Work required
The lines below starting at the line containing "14K Gold Necklace" and ending at the line containing "FUNKO POP Games: Marvel" are to be repeated exactly, with both ends kept and nothing else added.

Input for this task
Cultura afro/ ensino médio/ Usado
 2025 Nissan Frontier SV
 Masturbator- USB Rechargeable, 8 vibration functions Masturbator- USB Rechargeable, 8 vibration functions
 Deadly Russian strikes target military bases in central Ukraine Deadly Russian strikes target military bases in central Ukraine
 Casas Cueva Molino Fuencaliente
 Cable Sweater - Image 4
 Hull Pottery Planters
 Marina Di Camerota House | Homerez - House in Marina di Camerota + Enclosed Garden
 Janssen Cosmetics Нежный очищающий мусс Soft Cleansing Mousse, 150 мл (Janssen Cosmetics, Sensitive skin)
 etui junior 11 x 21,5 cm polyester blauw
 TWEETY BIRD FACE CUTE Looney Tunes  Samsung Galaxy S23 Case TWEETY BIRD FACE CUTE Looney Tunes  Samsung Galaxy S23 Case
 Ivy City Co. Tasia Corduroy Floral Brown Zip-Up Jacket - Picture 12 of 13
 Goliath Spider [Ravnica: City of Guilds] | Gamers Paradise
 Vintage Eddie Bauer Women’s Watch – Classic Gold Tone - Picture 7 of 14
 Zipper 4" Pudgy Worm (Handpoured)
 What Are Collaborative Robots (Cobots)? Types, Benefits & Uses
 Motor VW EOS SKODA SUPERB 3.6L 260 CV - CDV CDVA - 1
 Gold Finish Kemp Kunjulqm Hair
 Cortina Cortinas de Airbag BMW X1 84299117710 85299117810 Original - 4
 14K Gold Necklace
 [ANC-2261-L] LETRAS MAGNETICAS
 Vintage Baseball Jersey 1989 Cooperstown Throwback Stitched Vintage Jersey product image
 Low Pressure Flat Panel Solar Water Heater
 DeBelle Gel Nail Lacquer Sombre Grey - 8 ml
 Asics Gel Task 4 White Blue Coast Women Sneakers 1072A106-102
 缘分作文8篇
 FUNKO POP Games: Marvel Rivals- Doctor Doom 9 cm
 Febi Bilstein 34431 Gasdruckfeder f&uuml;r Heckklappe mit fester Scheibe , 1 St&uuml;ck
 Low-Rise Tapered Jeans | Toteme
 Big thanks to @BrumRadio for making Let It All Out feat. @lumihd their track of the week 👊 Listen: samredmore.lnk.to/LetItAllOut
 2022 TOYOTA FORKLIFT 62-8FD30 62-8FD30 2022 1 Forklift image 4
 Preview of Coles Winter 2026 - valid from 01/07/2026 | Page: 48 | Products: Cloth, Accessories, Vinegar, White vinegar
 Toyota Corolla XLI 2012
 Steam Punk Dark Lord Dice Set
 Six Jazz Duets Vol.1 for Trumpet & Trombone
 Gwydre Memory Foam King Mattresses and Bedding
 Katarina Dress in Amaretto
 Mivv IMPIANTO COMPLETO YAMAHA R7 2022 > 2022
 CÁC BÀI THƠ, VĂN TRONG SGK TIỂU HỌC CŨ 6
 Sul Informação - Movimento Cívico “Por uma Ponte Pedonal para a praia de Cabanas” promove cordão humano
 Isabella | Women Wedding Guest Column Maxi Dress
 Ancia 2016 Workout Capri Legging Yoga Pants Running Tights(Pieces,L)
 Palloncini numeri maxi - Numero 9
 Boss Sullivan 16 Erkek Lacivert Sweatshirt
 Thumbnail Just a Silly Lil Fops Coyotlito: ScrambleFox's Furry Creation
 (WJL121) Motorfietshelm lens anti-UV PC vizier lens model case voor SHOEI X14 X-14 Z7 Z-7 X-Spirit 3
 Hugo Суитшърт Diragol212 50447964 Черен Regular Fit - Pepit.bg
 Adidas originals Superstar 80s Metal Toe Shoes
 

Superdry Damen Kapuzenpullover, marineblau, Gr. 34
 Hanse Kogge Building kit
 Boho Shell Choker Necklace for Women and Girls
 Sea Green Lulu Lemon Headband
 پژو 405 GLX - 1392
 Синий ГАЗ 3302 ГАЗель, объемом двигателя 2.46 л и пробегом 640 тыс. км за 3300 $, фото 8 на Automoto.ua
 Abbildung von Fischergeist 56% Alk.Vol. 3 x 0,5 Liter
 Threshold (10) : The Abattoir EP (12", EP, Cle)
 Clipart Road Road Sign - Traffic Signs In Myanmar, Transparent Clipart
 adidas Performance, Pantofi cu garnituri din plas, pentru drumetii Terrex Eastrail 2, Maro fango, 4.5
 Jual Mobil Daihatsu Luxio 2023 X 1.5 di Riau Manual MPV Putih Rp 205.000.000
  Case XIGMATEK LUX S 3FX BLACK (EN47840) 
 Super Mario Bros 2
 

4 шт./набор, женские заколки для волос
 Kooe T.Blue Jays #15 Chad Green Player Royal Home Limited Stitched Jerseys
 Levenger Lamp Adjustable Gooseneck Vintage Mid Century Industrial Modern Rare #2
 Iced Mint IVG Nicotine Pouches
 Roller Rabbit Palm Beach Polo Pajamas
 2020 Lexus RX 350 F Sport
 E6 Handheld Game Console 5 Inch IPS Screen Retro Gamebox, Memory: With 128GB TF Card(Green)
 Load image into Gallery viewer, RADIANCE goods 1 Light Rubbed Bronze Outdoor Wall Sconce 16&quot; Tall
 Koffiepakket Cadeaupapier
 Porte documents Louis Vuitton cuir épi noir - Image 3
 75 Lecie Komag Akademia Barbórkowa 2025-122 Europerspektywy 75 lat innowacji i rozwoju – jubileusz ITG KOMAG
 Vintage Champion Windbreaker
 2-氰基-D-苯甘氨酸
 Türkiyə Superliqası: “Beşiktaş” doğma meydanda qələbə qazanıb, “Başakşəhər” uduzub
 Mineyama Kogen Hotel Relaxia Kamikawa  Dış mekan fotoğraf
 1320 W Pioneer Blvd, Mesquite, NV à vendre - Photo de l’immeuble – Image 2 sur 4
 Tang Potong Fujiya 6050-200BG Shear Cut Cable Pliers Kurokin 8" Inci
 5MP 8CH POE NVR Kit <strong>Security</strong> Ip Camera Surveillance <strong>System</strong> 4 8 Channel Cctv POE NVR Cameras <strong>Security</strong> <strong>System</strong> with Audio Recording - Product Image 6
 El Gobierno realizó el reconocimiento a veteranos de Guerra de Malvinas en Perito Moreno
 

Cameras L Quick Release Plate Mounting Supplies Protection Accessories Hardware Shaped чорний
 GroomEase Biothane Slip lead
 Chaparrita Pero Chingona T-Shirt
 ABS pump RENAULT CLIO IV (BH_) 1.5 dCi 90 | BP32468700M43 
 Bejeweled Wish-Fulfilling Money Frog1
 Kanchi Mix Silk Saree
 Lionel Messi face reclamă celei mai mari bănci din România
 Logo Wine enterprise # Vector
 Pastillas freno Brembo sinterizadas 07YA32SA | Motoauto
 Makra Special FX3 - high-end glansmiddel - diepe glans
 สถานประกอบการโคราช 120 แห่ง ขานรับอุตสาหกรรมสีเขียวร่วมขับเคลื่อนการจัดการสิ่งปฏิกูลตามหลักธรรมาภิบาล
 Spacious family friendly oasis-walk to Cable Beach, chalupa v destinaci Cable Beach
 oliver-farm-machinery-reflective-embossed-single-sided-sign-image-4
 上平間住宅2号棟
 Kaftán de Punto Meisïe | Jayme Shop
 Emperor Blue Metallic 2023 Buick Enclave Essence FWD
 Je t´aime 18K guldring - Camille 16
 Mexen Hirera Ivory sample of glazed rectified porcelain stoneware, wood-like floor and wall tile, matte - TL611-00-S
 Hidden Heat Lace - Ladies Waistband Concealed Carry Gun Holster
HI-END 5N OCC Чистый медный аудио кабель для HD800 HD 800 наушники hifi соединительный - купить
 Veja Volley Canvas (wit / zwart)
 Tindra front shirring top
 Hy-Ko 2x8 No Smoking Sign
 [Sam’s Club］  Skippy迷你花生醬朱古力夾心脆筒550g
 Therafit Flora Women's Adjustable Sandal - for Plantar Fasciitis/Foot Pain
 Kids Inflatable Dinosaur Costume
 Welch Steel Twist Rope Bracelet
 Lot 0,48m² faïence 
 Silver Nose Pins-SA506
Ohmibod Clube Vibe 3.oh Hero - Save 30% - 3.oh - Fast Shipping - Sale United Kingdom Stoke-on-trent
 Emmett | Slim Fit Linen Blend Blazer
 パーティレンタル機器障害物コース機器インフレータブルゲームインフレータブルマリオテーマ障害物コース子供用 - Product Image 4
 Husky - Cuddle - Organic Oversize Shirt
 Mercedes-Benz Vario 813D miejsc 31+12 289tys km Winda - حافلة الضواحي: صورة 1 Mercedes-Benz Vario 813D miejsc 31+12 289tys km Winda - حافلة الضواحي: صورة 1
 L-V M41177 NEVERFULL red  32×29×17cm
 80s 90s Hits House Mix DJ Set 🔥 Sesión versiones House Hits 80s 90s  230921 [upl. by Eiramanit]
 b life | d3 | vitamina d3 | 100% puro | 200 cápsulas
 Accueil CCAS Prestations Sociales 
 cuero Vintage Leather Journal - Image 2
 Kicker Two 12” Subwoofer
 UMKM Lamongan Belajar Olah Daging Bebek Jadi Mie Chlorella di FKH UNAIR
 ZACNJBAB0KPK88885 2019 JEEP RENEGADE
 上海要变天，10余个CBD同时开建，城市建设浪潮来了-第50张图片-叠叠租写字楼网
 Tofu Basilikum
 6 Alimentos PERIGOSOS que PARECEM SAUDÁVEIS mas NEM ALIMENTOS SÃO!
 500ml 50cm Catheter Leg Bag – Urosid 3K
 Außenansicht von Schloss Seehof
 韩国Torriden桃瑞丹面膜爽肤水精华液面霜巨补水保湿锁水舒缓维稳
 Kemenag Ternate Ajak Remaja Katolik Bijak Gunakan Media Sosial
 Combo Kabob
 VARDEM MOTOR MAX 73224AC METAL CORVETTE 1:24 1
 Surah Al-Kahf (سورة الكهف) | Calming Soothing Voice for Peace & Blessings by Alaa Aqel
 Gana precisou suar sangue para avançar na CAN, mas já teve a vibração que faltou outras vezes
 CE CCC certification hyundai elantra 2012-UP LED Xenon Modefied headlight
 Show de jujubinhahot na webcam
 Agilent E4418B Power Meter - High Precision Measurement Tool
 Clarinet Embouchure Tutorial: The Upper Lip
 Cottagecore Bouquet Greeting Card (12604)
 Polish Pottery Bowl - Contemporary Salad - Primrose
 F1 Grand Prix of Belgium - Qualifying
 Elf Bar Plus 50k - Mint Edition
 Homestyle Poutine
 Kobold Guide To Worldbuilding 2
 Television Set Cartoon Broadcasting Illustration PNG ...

Output below
 14K Gold Necklace
 [ANC-2261-L] LETRAS MAGNETICAS
 Vintage Baseball Jersey 1989 Cooperstown Throwback Stitched Vintage Jersey product image
 Low Pressure Flat Panel Solar Water Heater
 DeBelle Gel Nail Lacquer Sombre Grey - 8 ml
 Asics Gel Task 4 White Blue Coast Women Sneakers 1072A106-102
 缘分作文8篇
 FUNKO POP Games: Marvel Rivals- Doctor Doom 9 cm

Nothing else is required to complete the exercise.